Selling overheads and distribution overhead costs were as follows:
Sh. '000'
Selling overheads 22,000
Distribution overheads 410,000
The company's gross profit margin is 25% on factory cost.
At the end of May 2002, the stock of work in progress had increased by Shs.12, 000,000. The Manufacturing equipment under assembly was completed within the month and transferred out of the cost ledger at the end of the month.
Required - Prepare,
(i) Cost ledger control account
(ii) Stores ledger control account
(iii) Work in progress control account
(iv) Finished goods control account
(v) Costing profit and loss account
QUESTION 2 - Two Left Feet Ltd manufactures a single product, the Claud. The following figures relate to the Claud for a one-year period,
Activity level 50% 100%
Sales and productions (units) 400 800
Shs Shs
Sales 8,000 16,000
Production costs: Variable 3,200 6,400
Fixed 1,600 1,600
Sales and distribution costs Variable 1,600 3,200
Fixed 2,400 2,400
The normal level of activity for the year is 800 units.
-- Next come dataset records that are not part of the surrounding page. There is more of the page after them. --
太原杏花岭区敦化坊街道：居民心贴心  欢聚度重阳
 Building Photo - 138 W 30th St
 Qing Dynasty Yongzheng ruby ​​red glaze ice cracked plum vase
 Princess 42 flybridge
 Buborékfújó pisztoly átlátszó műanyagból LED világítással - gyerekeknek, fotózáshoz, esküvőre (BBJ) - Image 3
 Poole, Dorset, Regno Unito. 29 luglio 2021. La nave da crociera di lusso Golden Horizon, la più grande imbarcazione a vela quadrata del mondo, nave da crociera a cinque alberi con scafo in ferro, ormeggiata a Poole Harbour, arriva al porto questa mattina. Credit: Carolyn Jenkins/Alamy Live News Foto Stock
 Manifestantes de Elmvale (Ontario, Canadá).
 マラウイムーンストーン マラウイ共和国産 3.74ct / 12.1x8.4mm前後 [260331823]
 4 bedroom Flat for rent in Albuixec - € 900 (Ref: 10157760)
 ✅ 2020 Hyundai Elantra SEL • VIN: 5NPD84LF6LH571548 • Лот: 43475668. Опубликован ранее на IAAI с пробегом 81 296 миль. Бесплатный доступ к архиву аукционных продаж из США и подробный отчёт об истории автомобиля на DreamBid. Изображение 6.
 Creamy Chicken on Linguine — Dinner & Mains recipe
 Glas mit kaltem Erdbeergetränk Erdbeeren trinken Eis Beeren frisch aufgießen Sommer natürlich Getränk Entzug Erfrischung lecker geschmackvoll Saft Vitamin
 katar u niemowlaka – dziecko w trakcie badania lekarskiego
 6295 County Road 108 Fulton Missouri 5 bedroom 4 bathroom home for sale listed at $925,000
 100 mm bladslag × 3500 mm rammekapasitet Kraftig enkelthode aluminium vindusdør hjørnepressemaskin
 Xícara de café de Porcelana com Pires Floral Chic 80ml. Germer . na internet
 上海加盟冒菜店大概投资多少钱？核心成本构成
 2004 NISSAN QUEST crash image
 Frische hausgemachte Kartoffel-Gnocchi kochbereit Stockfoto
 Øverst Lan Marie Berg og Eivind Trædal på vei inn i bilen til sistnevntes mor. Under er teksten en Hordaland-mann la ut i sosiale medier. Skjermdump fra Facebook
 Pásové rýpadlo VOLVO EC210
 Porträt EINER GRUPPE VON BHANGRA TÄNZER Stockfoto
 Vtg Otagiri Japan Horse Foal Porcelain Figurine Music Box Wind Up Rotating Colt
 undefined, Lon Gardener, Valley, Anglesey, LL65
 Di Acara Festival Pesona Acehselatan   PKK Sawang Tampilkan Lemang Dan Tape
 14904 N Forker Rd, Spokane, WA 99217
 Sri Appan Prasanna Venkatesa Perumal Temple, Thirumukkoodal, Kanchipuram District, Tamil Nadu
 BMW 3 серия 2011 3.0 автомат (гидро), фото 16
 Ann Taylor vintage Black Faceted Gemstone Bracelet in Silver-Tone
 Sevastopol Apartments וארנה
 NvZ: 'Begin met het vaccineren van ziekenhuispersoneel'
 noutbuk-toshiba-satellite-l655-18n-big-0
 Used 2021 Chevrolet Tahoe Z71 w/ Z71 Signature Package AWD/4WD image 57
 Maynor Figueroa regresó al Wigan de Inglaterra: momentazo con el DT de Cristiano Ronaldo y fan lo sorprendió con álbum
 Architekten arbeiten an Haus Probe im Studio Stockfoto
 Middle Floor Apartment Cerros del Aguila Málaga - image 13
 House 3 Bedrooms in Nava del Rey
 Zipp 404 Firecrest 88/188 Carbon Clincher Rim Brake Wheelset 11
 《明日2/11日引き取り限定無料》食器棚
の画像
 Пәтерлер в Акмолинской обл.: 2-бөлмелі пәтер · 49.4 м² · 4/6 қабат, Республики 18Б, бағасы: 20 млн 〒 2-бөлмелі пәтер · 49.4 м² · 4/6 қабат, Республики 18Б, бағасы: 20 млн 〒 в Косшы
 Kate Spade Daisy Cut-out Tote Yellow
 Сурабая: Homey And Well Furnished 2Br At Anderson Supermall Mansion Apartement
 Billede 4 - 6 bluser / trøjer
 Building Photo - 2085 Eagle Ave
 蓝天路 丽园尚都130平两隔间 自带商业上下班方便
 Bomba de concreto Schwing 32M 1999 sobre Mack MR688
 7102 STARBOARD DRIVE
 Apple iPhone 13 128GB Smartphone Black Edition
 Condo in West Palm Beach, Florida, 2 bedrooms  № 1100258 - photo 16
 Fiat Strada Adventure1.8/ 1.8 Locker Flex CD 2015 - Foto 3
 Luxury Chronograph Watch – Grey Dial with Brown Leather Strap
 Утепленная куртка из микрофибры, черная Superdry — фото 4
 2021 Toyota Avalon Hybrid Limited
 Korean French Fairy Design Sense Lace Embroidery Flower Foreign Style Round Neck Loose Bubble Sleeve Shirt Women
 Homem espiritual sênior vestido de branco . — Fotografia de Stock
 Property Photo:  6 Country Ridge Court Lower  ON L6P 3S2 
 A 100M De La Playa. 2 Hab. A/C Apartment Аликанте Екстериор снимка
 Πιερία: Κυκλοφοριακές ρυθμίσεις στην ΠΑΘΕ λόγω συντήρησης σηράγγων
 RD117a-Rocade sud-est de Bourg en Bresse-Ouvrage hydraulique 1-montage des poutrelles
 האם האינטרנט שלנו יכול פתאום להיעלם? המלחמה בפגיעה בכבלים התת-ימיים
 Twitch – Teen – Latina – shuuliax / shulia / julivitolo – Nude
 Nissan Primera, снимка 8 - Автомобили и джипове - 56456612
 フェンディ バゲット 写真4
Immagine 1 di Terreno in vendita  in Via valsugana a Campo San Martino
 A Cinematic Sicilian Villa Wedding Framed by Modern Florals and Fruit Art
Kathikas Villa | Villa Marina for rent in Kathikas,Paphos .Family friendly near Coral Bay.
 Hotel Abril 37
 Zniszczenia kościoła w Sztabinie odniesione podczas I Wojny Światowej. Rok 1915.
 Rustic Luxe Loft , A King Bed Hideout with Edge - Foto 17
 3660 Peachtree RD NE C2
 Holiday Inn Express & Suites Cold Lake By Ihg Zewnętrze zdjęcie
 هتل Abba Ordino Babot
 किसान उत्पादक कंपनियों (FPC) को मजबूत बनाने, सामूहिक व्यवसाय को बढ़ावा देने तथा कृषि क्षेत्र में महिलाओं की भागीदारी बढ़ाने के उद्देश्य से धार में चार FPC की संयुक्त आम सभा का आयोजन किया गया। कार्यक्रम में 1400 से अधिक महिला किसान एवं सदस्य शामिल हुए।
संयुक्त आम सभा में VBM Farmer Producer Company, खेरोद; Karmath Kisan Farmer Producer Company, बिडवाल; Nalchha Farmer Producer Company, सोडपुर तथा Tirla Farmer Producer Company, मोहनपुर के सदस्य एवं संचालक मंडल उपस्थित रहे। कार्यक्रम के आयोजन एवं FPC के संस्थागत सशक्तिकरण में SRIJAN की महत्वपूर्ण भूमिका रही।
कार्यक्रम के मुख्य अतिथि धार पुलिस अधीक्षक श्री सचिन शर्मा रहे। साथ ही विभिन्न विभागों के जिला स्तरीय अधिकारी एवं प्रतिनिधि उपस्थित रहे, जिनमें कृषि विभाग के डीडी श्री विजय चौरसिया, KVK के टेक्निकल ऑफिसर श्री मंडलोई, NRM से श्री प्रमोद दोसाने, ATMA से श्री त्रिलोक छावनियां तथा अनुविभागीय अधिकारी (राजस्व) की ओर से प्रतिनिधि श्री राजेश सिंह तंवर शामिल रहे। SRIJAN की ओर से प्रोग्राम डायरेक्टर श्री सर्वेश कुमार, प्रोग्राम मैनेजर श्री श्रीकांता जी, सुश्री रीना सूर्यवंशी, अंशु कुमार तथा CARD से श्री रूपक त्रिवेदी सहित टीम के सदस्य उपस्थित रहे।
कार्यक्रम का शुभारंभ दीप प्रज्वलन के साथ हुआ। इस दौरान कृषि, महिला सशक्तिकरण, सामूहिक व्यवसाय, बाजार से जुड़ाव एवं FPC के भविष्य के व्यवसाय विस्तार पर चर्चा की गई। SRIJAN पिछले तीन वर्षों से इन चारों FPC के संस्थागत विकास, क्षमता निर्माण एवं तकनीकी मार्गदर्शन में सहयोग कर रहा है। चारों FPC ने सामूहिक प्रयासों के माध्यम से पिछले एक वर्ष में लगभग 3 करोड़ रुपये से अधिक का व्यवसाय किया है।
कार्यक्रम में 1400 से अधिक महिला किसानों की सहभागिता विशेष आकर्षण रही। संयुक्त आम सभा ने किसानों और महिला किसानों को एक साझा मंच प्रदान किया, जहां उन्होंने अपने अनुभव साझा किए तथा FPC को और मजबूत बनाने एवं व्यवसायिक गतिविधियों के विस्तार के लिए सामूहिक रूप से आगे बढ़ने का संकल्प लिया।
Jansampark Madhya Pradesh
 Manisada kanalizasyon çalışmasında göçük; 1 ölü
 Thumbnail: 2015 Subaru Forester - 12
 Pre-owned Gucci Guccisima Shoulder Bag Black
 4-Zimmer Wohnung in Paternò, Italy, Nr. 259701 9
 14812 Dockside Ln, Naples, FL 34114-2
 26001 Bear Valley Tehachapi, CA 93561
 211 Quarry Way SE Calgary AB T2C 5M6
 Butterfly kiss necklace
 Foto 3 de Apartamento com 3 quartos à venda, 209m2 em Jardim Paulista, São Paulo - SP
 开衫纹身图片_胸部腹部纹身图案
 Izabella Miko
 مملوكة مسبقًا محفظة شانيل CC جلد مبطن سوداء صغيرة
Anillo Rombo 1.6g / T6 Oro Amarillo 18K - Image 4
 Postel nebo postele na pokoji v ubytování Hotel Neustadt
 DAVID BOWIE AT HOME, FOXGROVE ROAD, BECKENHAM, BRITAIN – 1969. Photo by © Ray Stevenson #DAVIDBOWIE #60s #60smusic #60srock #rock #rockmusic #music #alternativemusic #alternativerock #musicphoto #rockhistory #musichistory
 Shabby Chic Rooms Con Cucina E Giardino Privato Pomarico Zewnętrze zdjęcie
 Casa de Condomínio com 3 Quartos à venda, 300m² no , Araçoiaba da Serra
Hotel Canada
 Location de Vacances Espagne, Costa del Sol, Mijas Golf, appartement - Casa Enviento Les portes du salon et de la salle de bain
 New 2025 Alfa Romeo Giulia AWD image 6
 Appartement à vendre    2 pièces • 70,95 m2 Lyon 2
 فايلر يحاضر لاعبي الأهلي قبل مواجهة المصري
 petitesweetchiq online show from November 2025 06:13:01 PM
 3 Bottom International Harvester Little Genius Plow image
Fixed costs are incurred evenly throughout The year, and actual fixed costs are the same as budgeted. There were no stocks of Clauds at the Beginning of the year. In the first quarter, 220 units were produced and 160 units sold.
Required -
(a) Calculate the fixed production costs absorbed by Clauds in the first quarter if absorption costing is used.
(b) Calculate the profit using absorption costing.
(c) Calculate the profit using marginal costing.
(d) A reconciling of profits and Explain why there is a difference between the answers to (c) and (d).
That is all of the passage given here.